→ ASSIGNED TASK
Although the data holds pictures, return only the lines from the one containing "ราคาดี 8K Mirror" to the end, exactly, and without them.
═════ RECORDS SHOWN
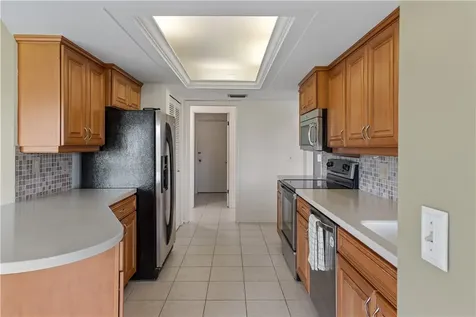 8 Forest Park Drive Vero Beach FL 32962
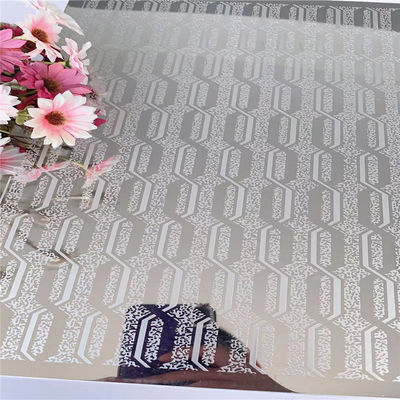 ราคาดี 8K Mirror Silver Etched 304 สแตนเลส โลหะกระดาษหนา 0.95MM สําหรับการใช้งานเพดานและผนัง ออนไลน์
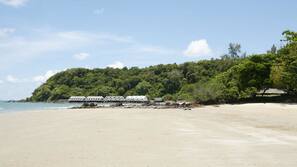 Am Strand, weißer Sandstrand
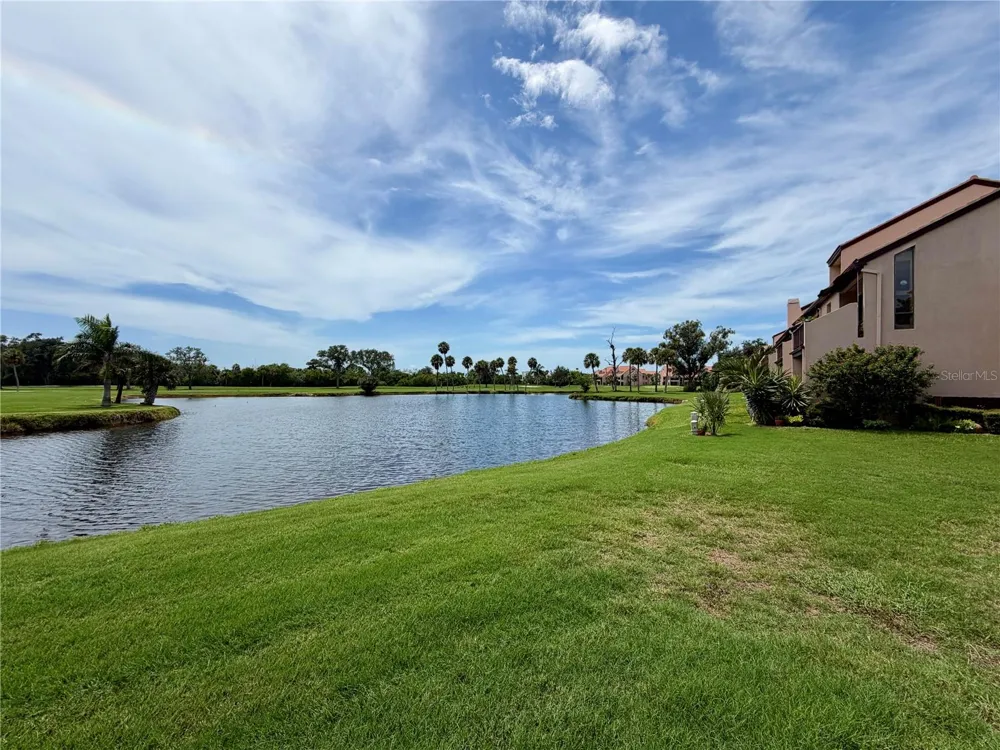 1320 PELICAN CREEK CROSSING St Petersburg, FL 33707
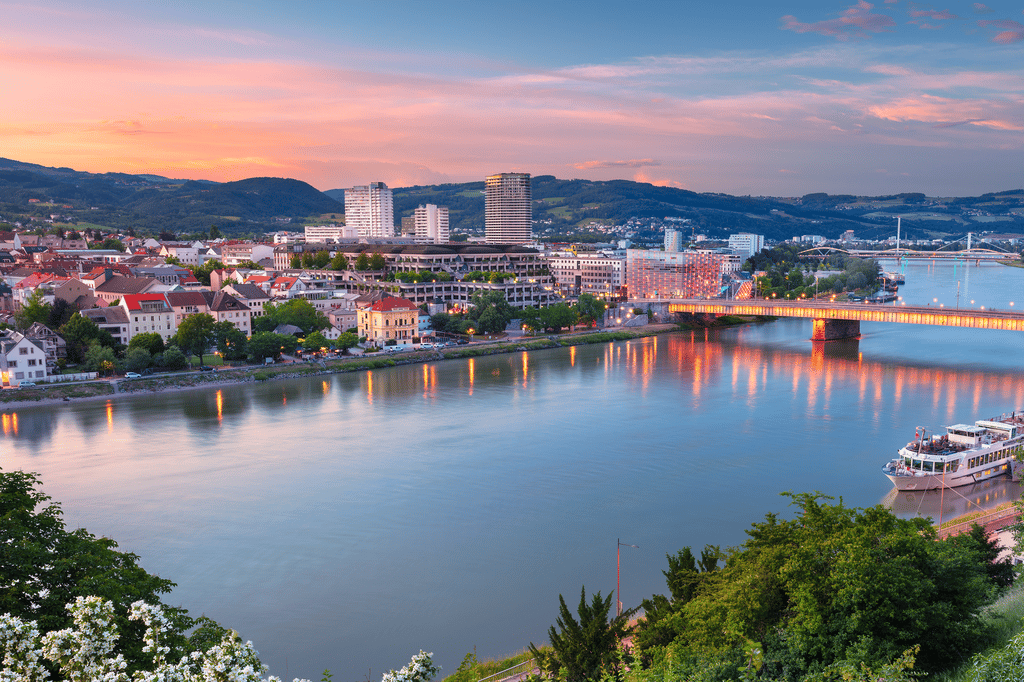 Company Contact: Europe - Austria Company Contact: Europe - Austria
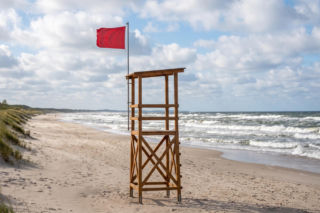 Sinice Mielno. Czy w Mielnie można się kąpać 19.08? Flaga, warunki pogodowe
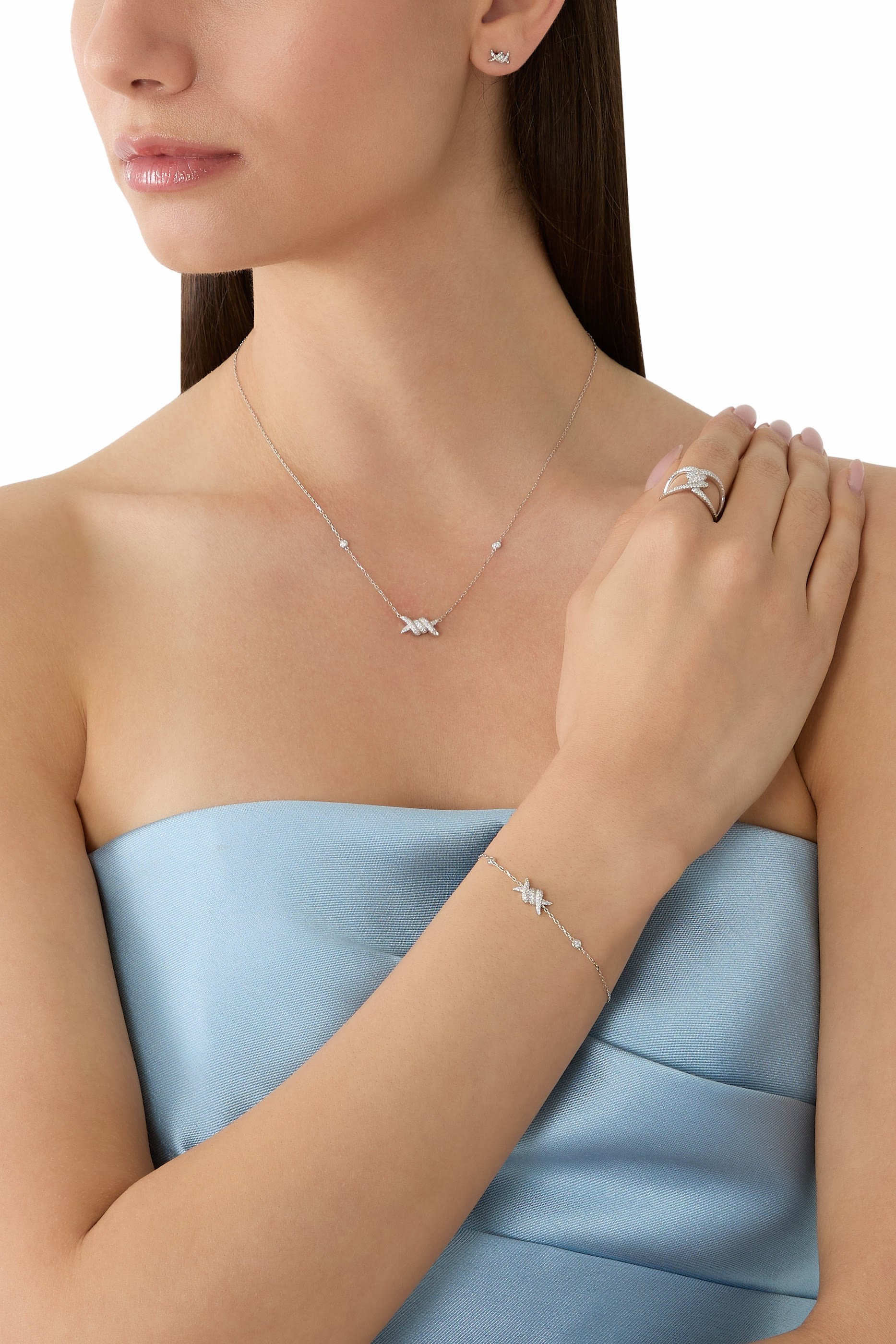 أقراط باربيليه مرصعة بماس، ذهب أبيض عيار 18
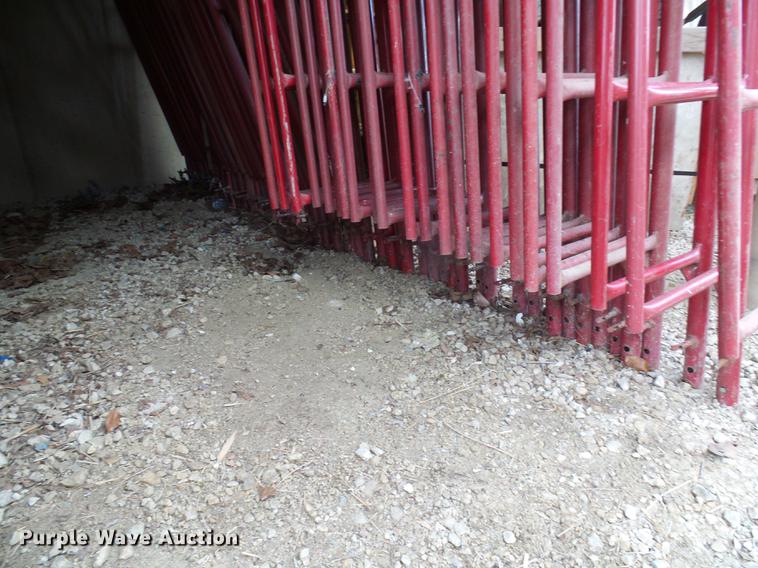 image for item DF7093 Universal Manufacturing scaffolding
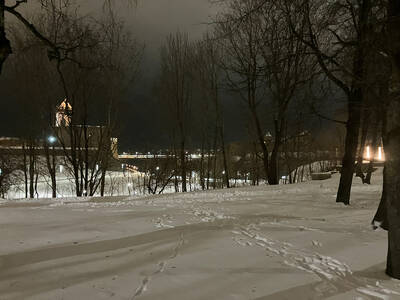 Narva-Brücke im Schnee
══════════
→ RESPONSE FOR THIS EXERCISE
 ราคาดี 8K Mirror Silver Etched 304 สแตนเลส โลหะกระดาษหนา 0.95MM สําหรับการใช้งานเพดานและผนัง ออนไลน์
 Am Strand, weißer Sandstrand
 1320 PELICAN CREEK CROSSING St Petersburg, FL 33707
 Company Contact: Europe - Austria Company Contact: Europe - Austria
 Sinice Mielno. Czy w Mielnie można się kąpać 19.08? Flaga, warunki pogodowe
 أقراط باربيليه مرصعة بماس، ذهب أبيض عيار 18
 image for item DF7093 Universal Manufacturing scaffolding
 Narva-Brücke im Schnee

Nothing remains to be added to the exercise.